I giorni erano batuffoli di ovatta, alcuni soffici e lievi, altri inzuppati d’acqua. A volte la madre correva in ospedale con Margherita, quando il suo piccolo cuore superava i 140 battiti al minuto per una febbre che non si abbassava, o perché i neonati hanno tanti motivi misteriosi per piangere e per non smettere di piangere, e non sempre le mamme hanno tutte le soluzioni. Allora Giulia aspettava a casa della vicina, disegnando per la piccola i sogni più belli e colorati. Oppure capitava che la madre interrompesse la fiaba della buonanotte perché Margherita la reclamava, lasciando Giulia da sola nel letto a proseguire con la fantasia il racconto interrotto, mentre si dondolava un dentino che non voleva cadere. E quando tornava da Giulia, lei faceva finta di essersi addormentata aspettando il bacio più morbido, che a volte arrivava salato sulla guancia.

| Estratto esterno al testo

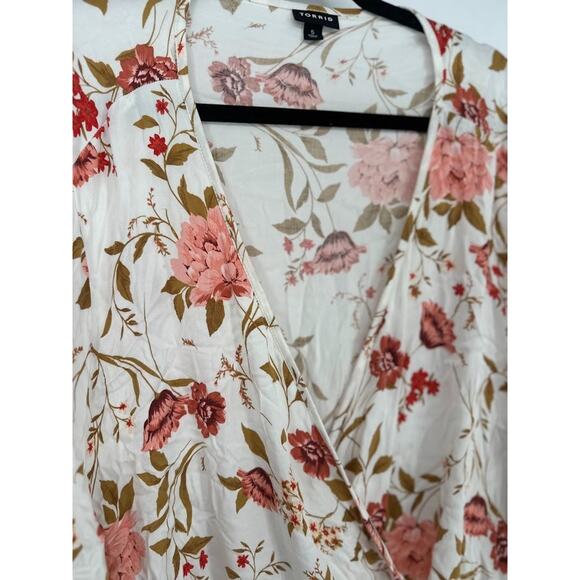 Torrid Babydoll Challis Kimono Sleeve Top Floral Size 5 5x Feminine Flowy V Neck - Picture 3 of 8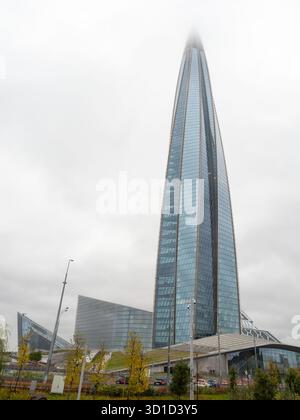 Sankt Petersburg, Russland. Oktober 2025. Das Lakhta Center gesehen. Das Lakhta Center ist ein multifunktionaler Komplex am Ufer des Finnischen Golfs im Bezirk Primorsky. Es ist das Zentralbüro von Gazprom. (Foto: Igor Podgorny/SOPA Images/SIPA USA) Credit: SIPA USA/Alamy Live News Stockfoto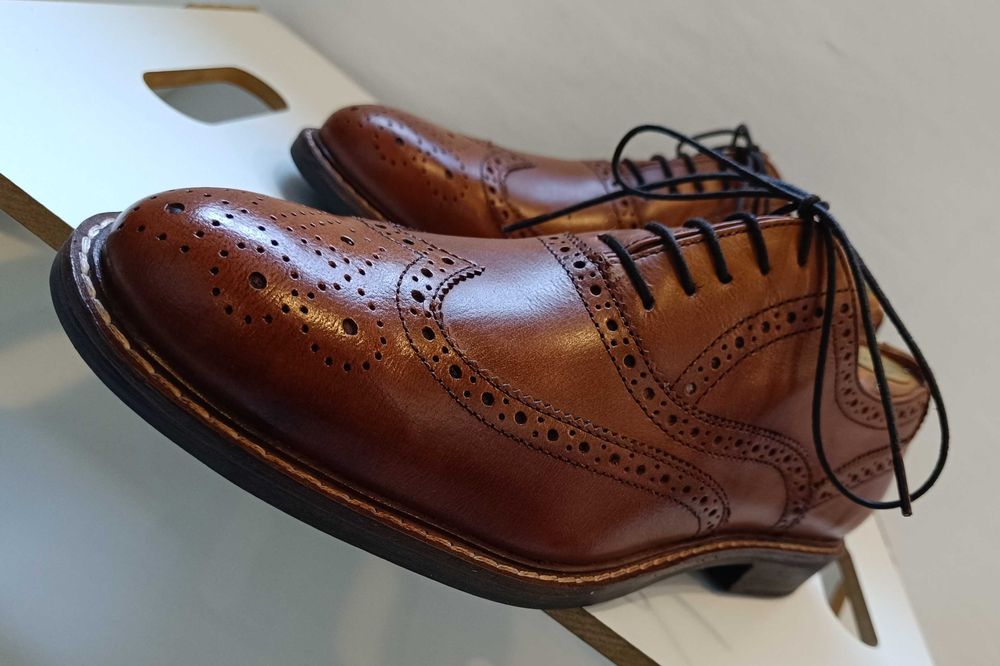 Pantofi oxford 45.5 46 brogue premium Thomas Crick NOI piele naturala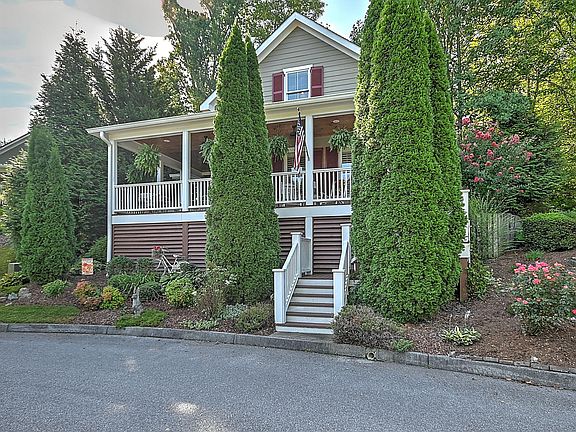 3rd image of 396 Blount St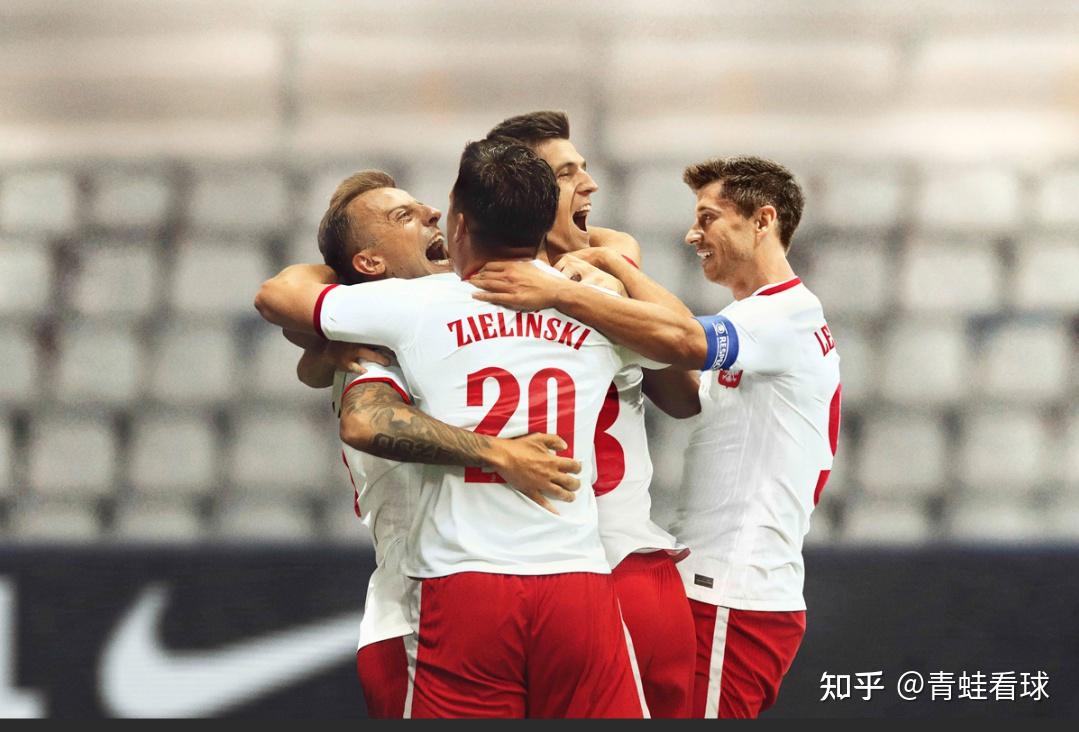 包含马其顿爆冷淘汰斯洛文尼亚，闯入四强的词条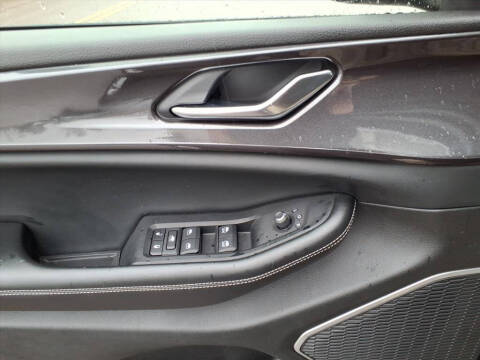 2022 Jeep Grand Cherokee L Laredo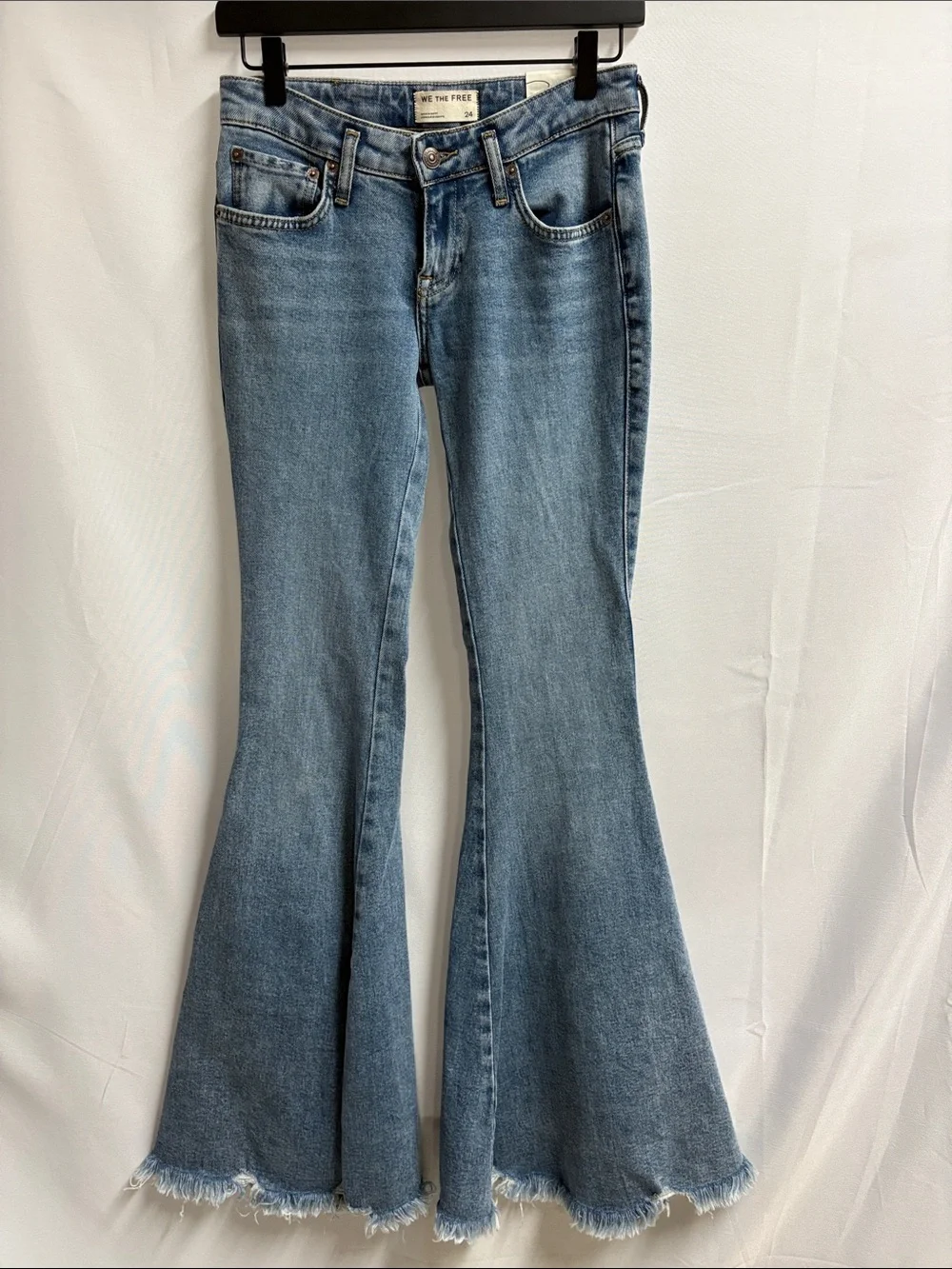 Free People We The Free Emre Flare Jeans Blue Size 24 NWOT
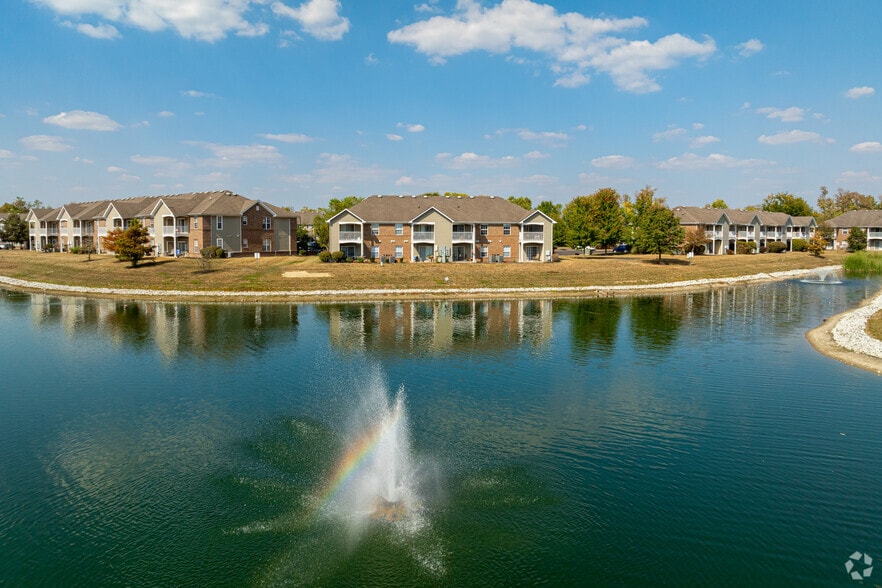 Building Photo - Greystone of Noblesville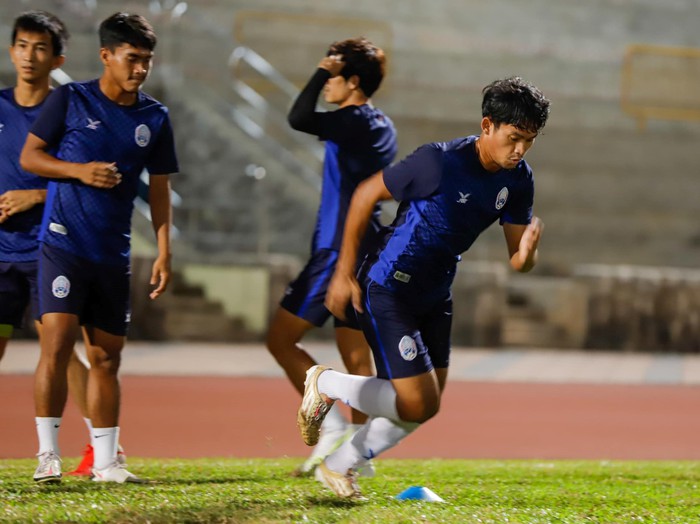 Keisuke Honda tận tình chỉ bảo tuyển Campuchia hướng đến trận đấu với tuyển Việt Nam - Ảnh 6.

Ma quando c’era il papà a occuparsi di Margherita, la mamma diventava per Giulia la gita più bella e facevano insieme cose scintillanti, sdraiate sul tappeto fra cartoncini colorati e nastri, oppure andavano al cinema e si ubriacavano di Coca Cola e pop corn.
Accadde un giorno che la mamma chiese a Giulia di sorvegliare Margherita mentre lei si faceva una doccia. Non c’era nessun’altro a casa, ma la donna si sentiva più tranquilla, ormai i pianti di Margherita erano abbastanza gestibili e le ultime visite cardiologiche riferivano miglioramenti.
Ancora insaponata, la madre sentì piangere la piccola. In pochi secondi che erano secoli uscì dalla doccia e si infilò l’accappatoio. Si precipitò fuori dal bagno sbattendo contro il mobile e facendo cadere stupidi profumi. Avvicinandosi alla camera udì la voce delicata di Giulia. Cantava e faceva volteggiare Raffa la giraffa davanti agli occhi di Margherita, che aveva smesso di piangere e seguiva i movimenti del pupazzo agitando le manine. La donna si fermò sulla porta a consolarsi l’anima, incurante dell’acqua che grondando dai capelli allargava una pozza sul parquet, finché un sorriso a finestre, fiero e luminoso, si voltò verso di lei.